Anni duri quelli per Cuba, e per il continente americano. Se negli Stati Uniti il maccartismo imperversava meschinamente avvolgendo la società in una nuvola di sospetti e maldicenze, nell’isola caraibica volgeva pure peggio. Nel marzo 1952, Fulgencio Batista, “El Hombre” come lo chiamava qualcuno, forse alludendo ad un’umanità che si manifestò nella sua versione più ferina, con un colpo di mano era tornato al potere. Lui ignobile dittatore incline al traffico gangsteristico e alle relazione mafiose, in poco meno di un mese abbattè lo stato di diritto e precipitò il suo paese in un vortice di ingiustizie, abrogando la costituzione, sospendendo le amministrazioni locali e soffocando le organizzazioni politiche.
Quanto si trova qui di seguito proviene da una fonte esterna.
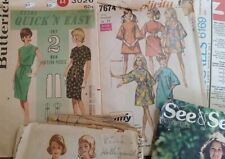 5 AMAZING 1950s 1960s Vintage SEWING PATTERNS Caftan Sheath Pencil Skirt Jeans  picture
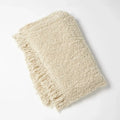 GLOBAL VIEWS TEXTURED BOUCLE THROW - Decorative Accents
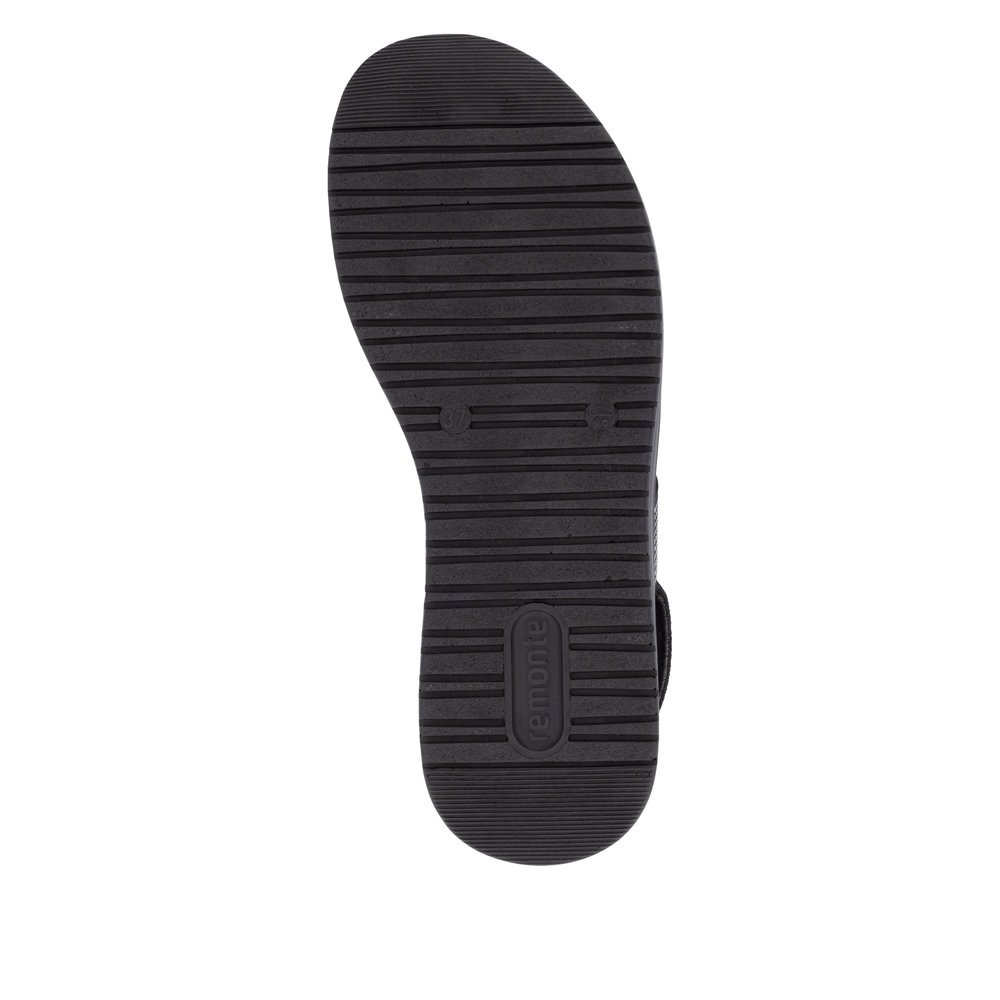 Remonte D1J59-03 Anatomical Leather Sandal Black 4cm Remonte D1J59-03 Anatomical Leather Sandal Black 4cm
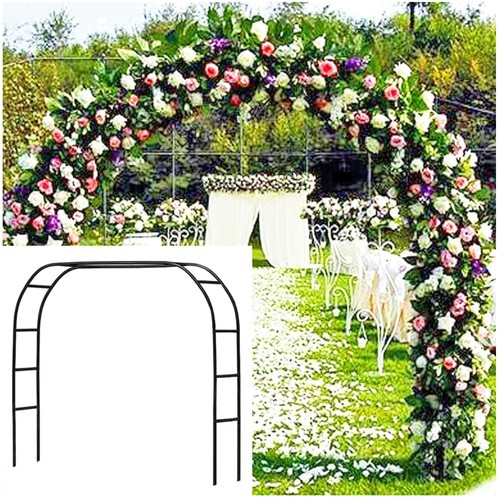 Black metal garden arbor - metal,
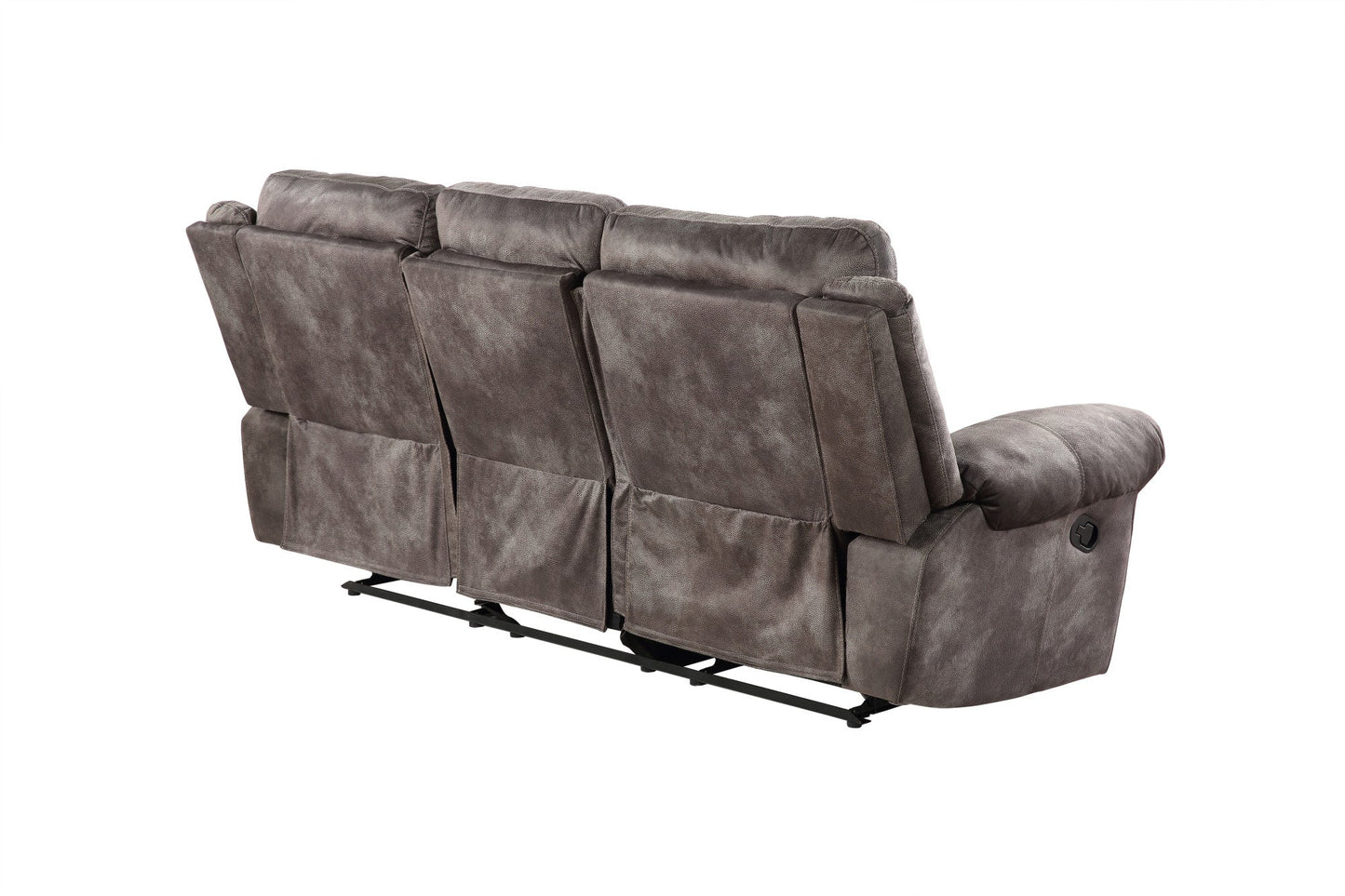Nashville Recliner Sofa Grey w/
Mentre Cuba arrancava tra corruzione e violenze e le organizzazioni criminali ingrassavano le proprie tasche, con illeciti d’ogni sorta, cresceva però il malcontento. E con esso si muovevano, più o meno cautamente, le opposizioni. Tra loro agiva in segreto, con grande spirito ma poche risorse, il giovane avvocato Fidel Castro. Quando nell’appartamento di Abel Santamaría, nel quartiere del Vedado, si pensò all’attacco ad una caserma, quella della Moncada appunto, l’obiettivo di quegli uomini, che finirono per unirsi nel movimento 26 luglio, non era un semplice golpe militare per abbattere un regime militare, che militarmente e criminalmente governava l’isola. Si sarebbe dovuta accendere una miccia insurrezionale, avviare un motore per dirla con quelle che successivamente furono le parole dello stesso Fidel Castro; obiettivo: riscattare Cuba dallo stato coloniale in cui si trovava ed emancipare il suo popolo.

Riunioni, addestramenti ed esercitazioni si susseguirono febbrilmente e in piena clandestinità nelle settimane antecedenti al luglio 1953. Paradosso del tempo e non troppo accidentale coincidenza storica voleva che quello fosse il centenario della nascita del patriota José Martì. E a lui, alle sue idee e al suo sacrificio si ispirarono gli uomini della Moncada.

All’alba del 26 luglio Fidel Castro, il fratello Raúl, Abel Santamaría e gli altri guidarono l’azione insurrezionale. Impacciatamente avviatasi con lo smembrarsi di una parte del gruppo e disordinatamente condotta per l’inefficienza delle armi, dopo alcune ore di combattimento i soldati del regime di Batista ebbero facilmente la meglio sui rivoltosi. Tragicamente impietoso fu l’esito dei combattimenti per i ribelli: 61 le vittime, una quarantina gli arrestati. Il giorno in cui si sarebbe dovuta chiamare alla rivoluzione la popolazione cubana attraverso un messaggio radio inviato dalla Moncada, tutto sembrò perduto. Uomini, idee, speranze.

Praticamente nessuno poteva immaginare cosa sarebbe accaduto cinque anni, cinque mesi e sei giorni dopo quella sciagurata giornata. Ma proprio nel momento più difficile, con le sentenze della Causa n° 37 del regime di Batista che condannarono duramente i superstiti di quella azione, nacque la rivoluzione. Le reazioni per gli assassini compiuti e per le condanne emesse divennero presto fremito della rabbia dei vinti contro il rancoroso reprimere della dittatura di Batista. Cinque anni, cinque mesi e sei giorni dopo quella sciagurata giornata, il primo gennaio 1959, alcuni dei superstiti della Moncada entrarono a L’Avana. Batista era miserabilmente volato via dall’isola qualche giorno prima e i rivoluzionari della Sierra Maestra entravano per le strade della capitale.

Per tante e tanti il ricordo di quel giorno rischia di perdersi nella retorica che spesso ammanta la  memoria di certe vicende. Di ciò che fu ed è per alcuni, di ciò che al contrario rappresenta per altri. Ma Cuba e la storia della sua rivoluzione, con le difficoltà e le contraddizioni che l’hanno segnata, testimoniano che la lotta contro le ingiustizie non esiste solo nell'immaginario dei sognatori ma può prendere vita anche laddove la speranza degli sconfitti sembra essere perduta.